È anche grazie a loro se la Corte arbitrale ha preso una decisione ampiamente favorevole all’Italia. Bisognerebbe aver provato una volta nella vita cosa significhi andare per mare per comprendere quanta angoscia abbia colpito i protagonisti silenziosi di questo brutto affare. Angoscia che non è stata inferiore o meno dolorosa di quella che ha investito i due marò. Latorre e Girone, almeno, hanno avuto dalla loro il conforto di tanti italiani. Degli altri, di cui il grande pubblico neanche conosce i nomi, sarà un privilegio ricordarne il valore e la qualità umana.

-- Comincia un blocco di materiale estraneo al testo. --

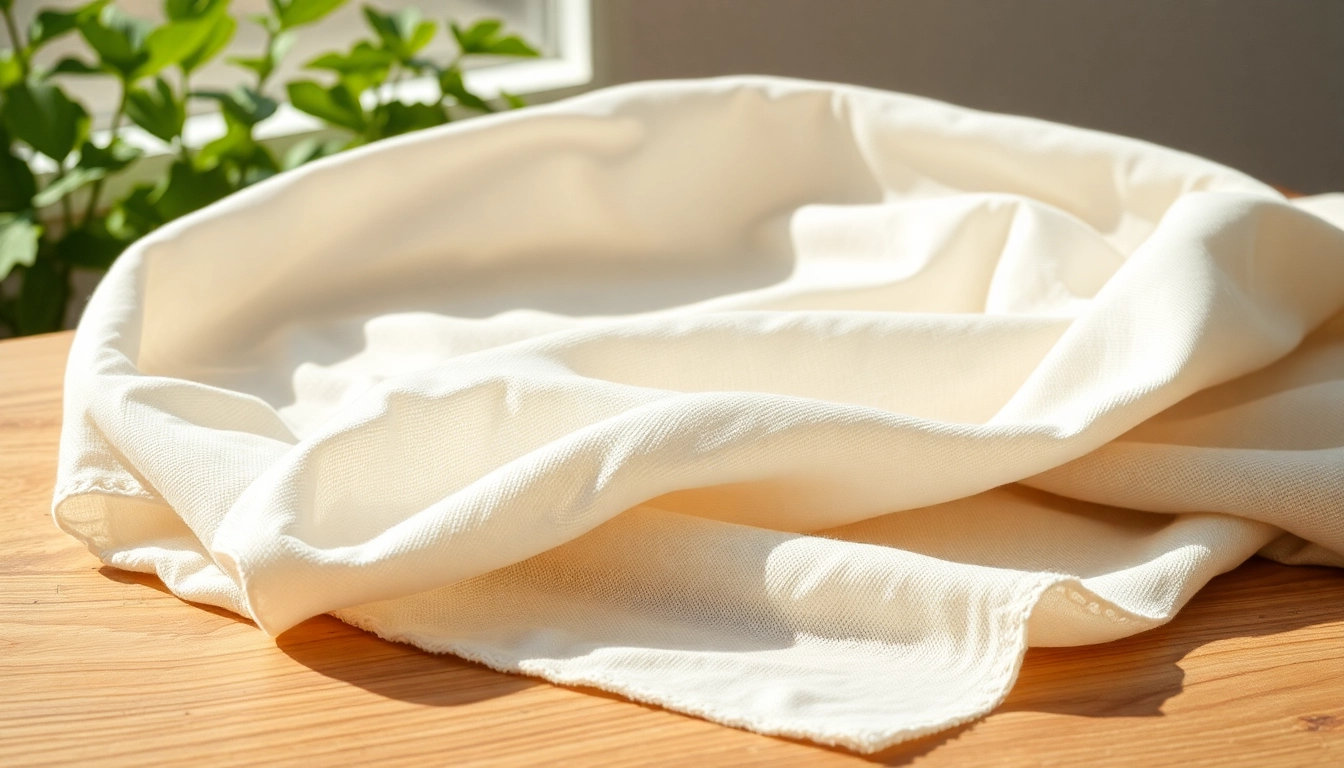 Ongebleekt katoen stof in natuurlijke setting met zachte textuur en warme kleuren.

Sono il comandante della “Enrica Lexie” Umberto Vitelli, il comandante in seconda Carlo Noviello, napoletani; i fucilieri di Marina: sergente Renato Voglino di Brindisi, sottocapo di 2ª classe Massimo Andronico di Surbo (Le), Sottocapi di 3ª classe Antonio Fontana e Alessandro Conte, rispettivamente di Vico del Gargano (Fg) e di Pulsano (Ta), componenti con Latorre e Girone il Nucleo di Protezione Militare (Nmp) assegnato alla “Enrica Lexie”. Si tratta di gente di mare non adusa a stucchevoli salamelecchi. A costoro l’unico augurio che si possa fare non può che riportarsi alle loro storie di vita intessute di onde e di burrasche. Di attese infinite trascorse alla fonda e di venti sferzanti. Di solitudini notturne e di bagliori aurorali. A tutti loro, ovunque siano in questo momento, Buon Vento!